> **Task prompt**:
Would you retype exactly the lines below, from the one containing "Gianvito Rossi Open Toe Sandals - Neutrals" through the end of the entries, both ends included, but not the pictures?

##### Supplied information #####

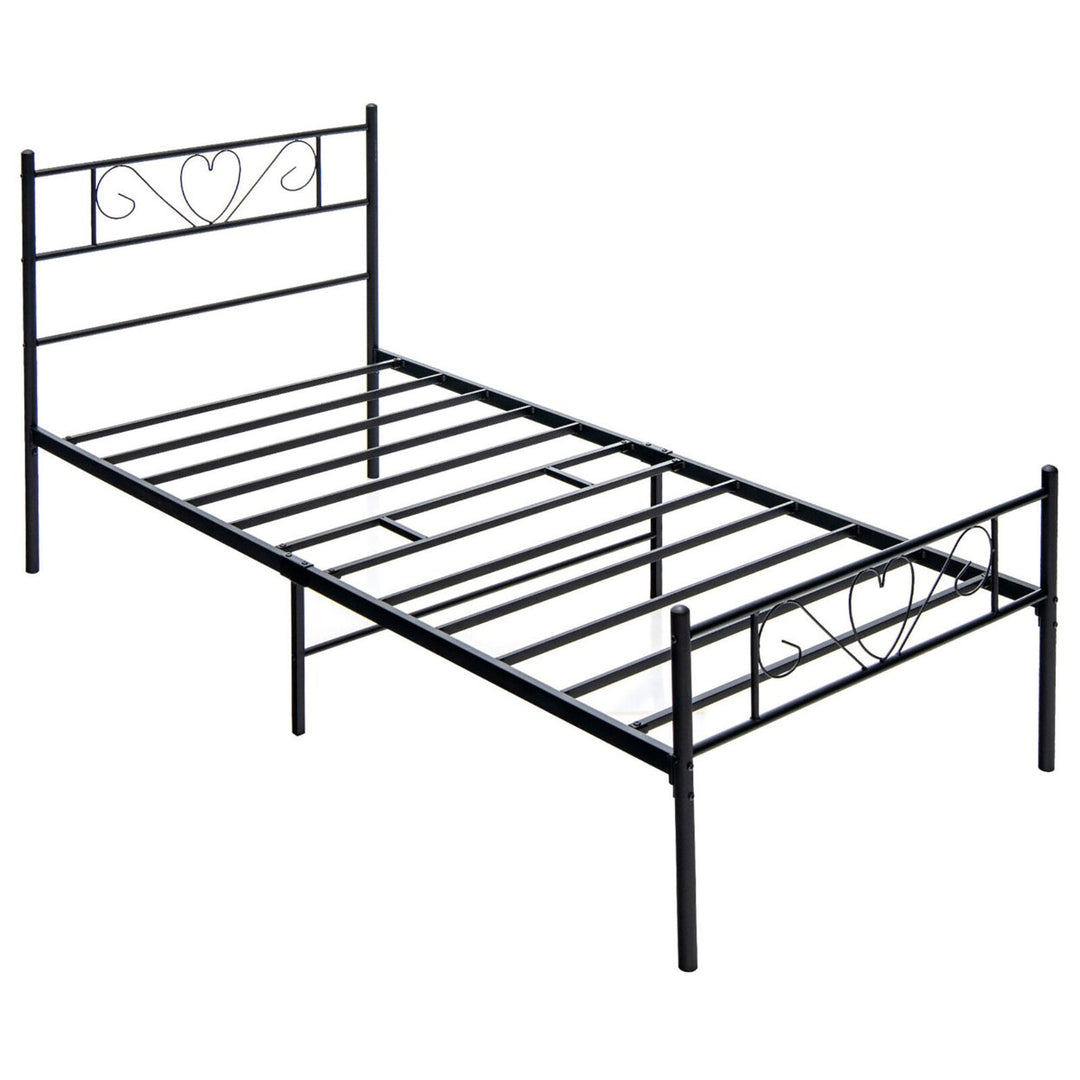 Twin XL Metal Platform Bed Frame Heavy-duty Steel Slat Support with Storage Image 9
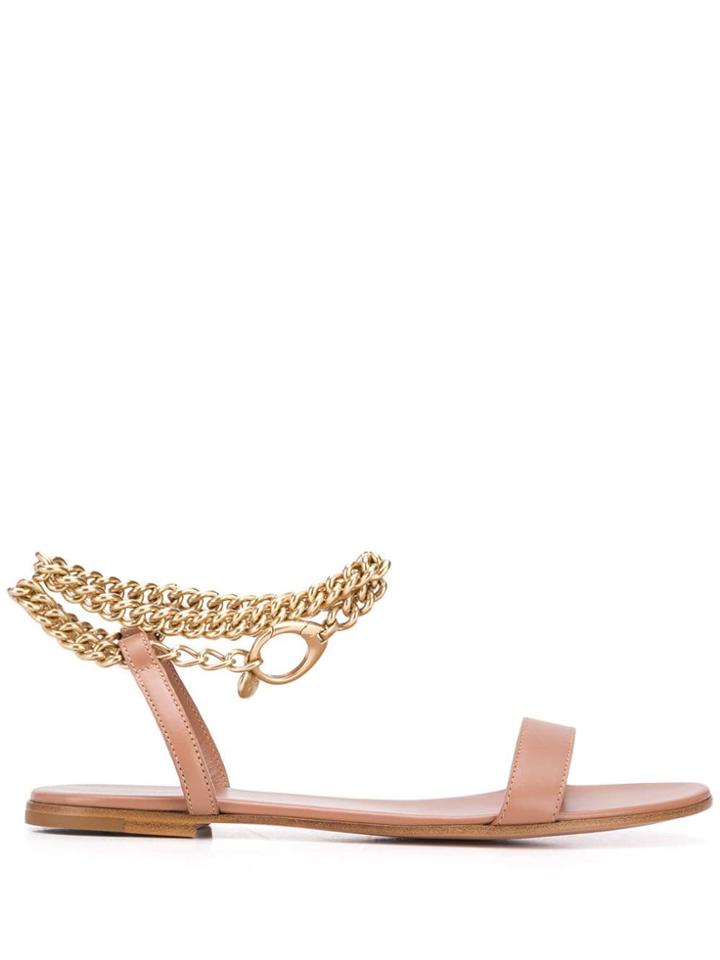 Gianvito Rossi Open Toe Sandals - Neutrals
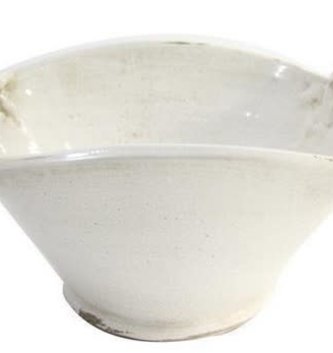 Hand Thrown White Stoneware Bowl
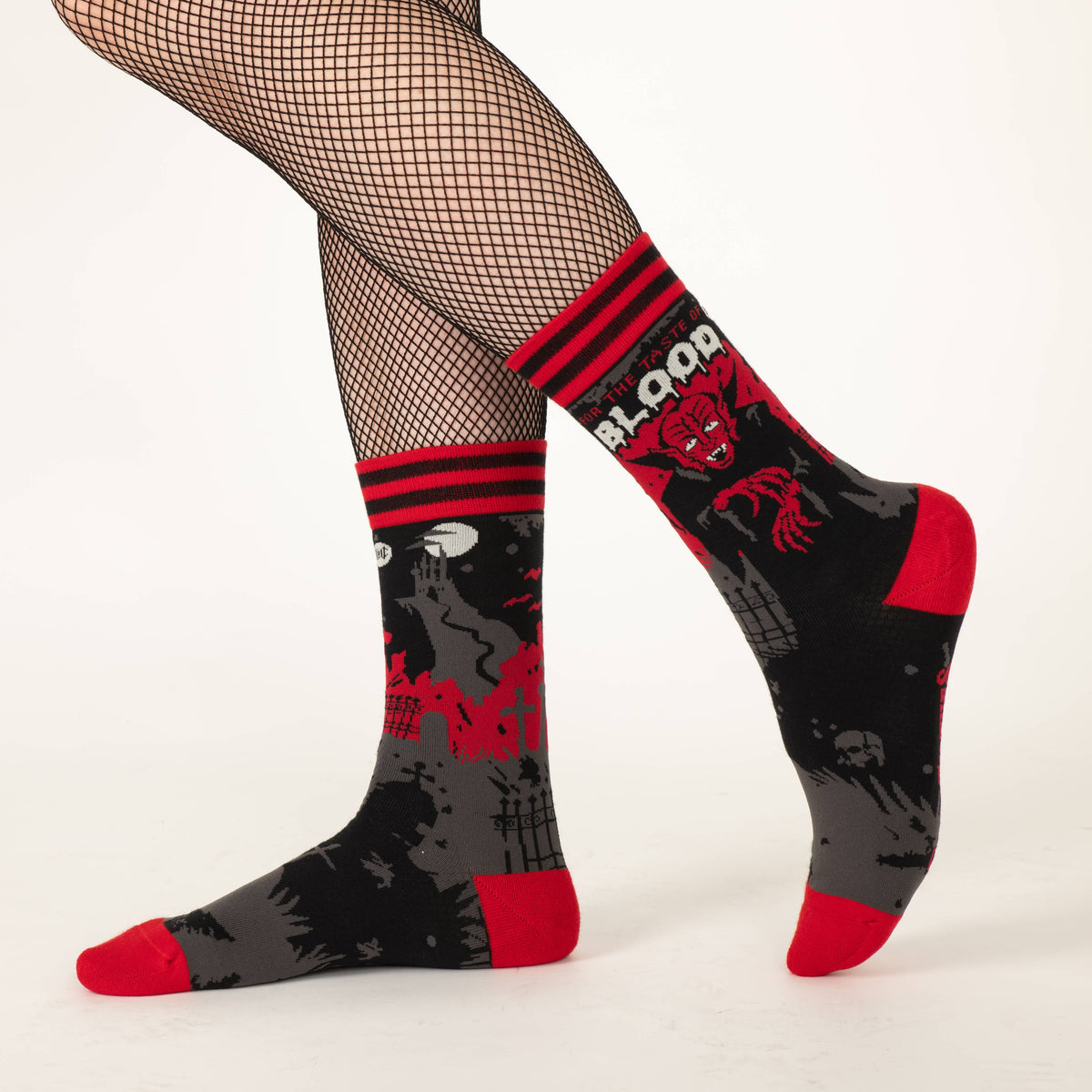 Foot Clothes/Dracula's Bloodlust Crew Socks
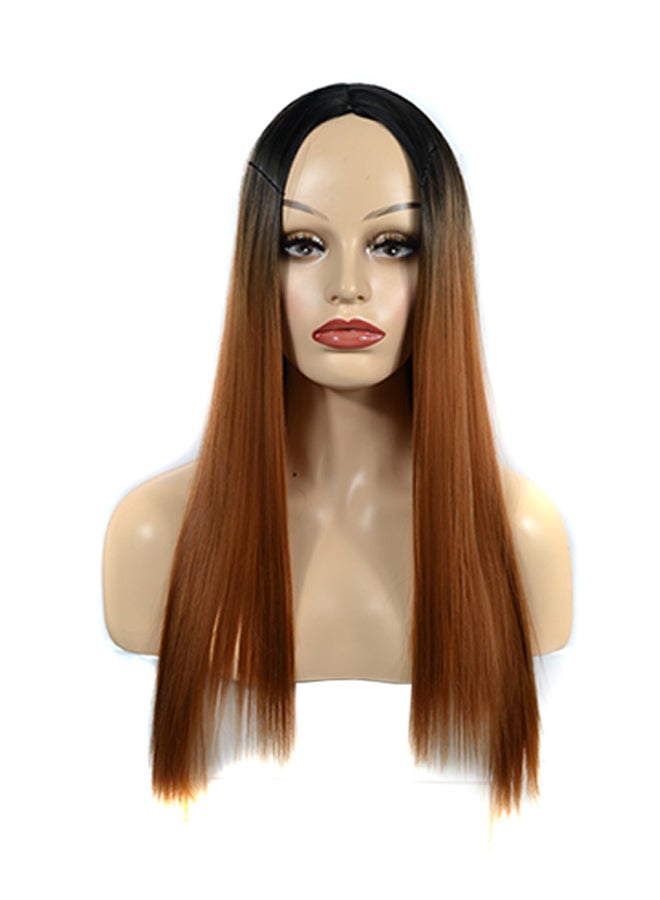 Voberry Cosplay Party Long Straight Hair Wig Multicolour 20x5x5cm - Image 1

#####

> **Task solution**:
 Gianvito Rossi Open Toe Sandals - Neutrals
 Hand Thrown White Stoneware Bowl
 Foot Clothes/Dracula's Bloodlust Crew Socks
 Voberry Cosplay Party Long Straight Hair Wig Multicolour 20x5x5cm - Image 1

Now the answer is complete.